(Beginning of Given data)

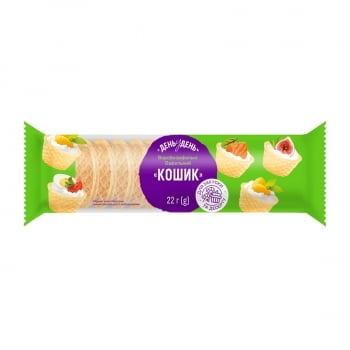 Вафельний кошик 22 г День у День м/уп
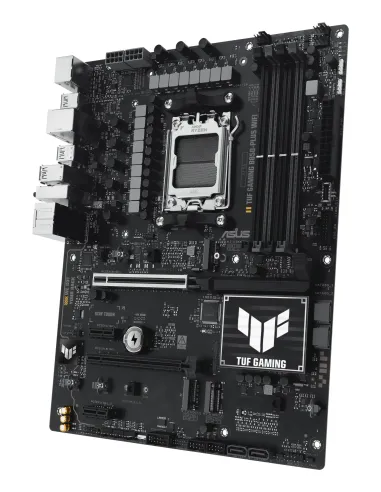 ASUS TUF GAMING B850-PLUS WIFI AMD B850 Zócalo AM5 ATX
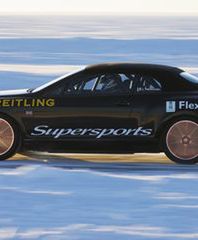 Bentley Supersports Convertible: najszybszy na lodzie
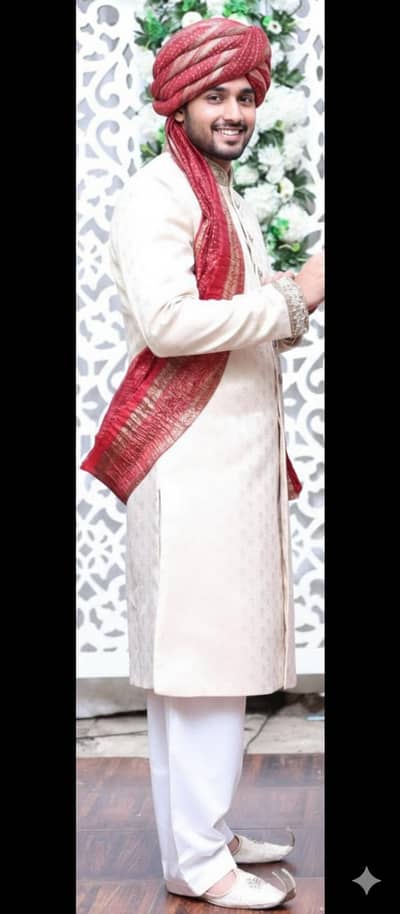 groom sherwani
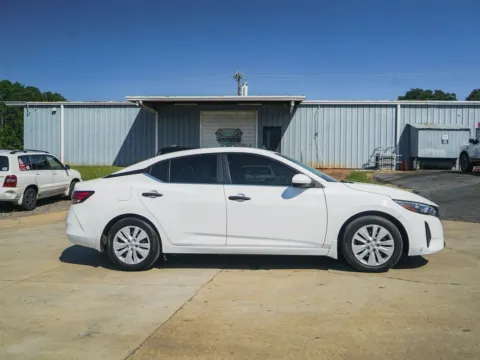 Another view of 2024 Nissan Sentra S for sale in Moore, SC at TLC Motors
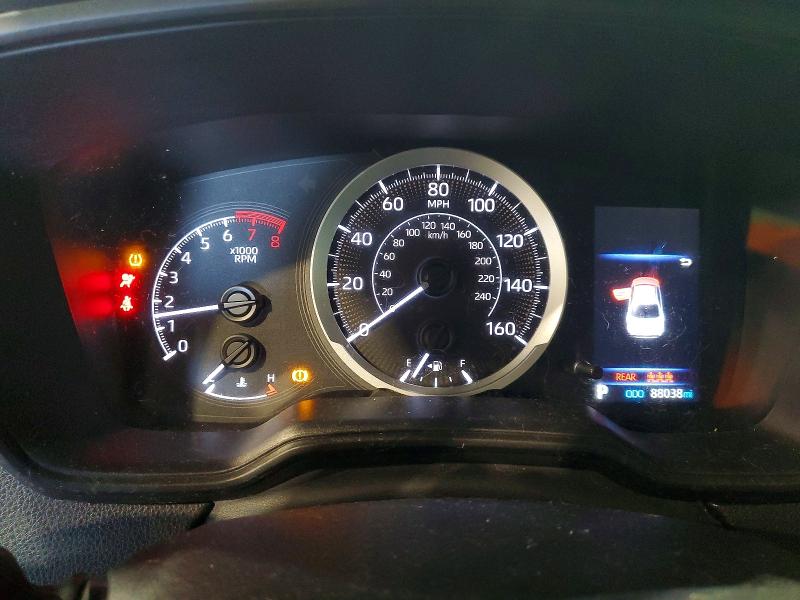 2021 Toyota Corolla მანქანა იყიდება აუქციონზე, vin: 5YFEPMAE9MP243613, აუქციონის ნომერი: 56755646
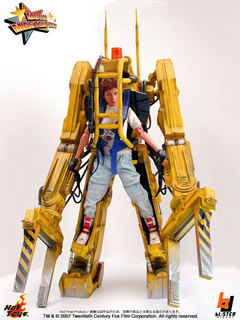 HOTTOYS  Aliens - Power Loader With Ripley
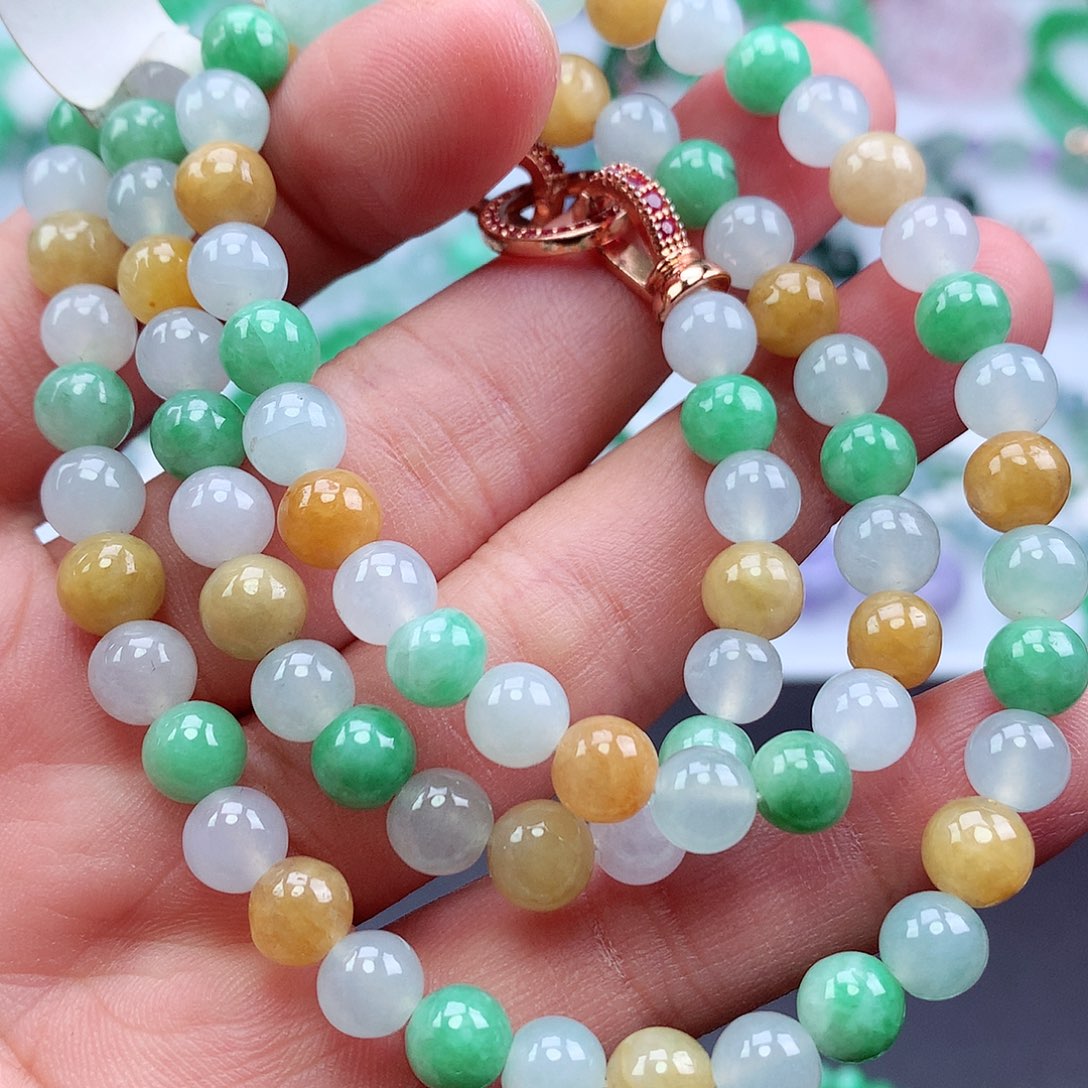 未镶嵌手链翡翠项链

(End of Given data)

▸ Task to carry out
Omit the pictures and set down the records exactly.

▸ Solution for this exercise
 Вафельний кошик 22 г День у День м/уп
 ASUS TUF GAMING B850-PLUS WIFI AMD B850 Zócalo AM5 ATX
 Bentley Supersports Convertible: najszybszy na lodzie
 groom sherwani
 Another view of 2024 Nissan Sentra S for sale in Moore, SC at TLC Motors
 2021 Toyota Corolla მანქანა იყიდება აუქციონზე, vin: 5YFEPMAE9MP243613, აუქციონის ნომერი: 56755646
 HOTTOYS  Aliens - Power Loader With Ripley
 未镶嵌手链翡翠项链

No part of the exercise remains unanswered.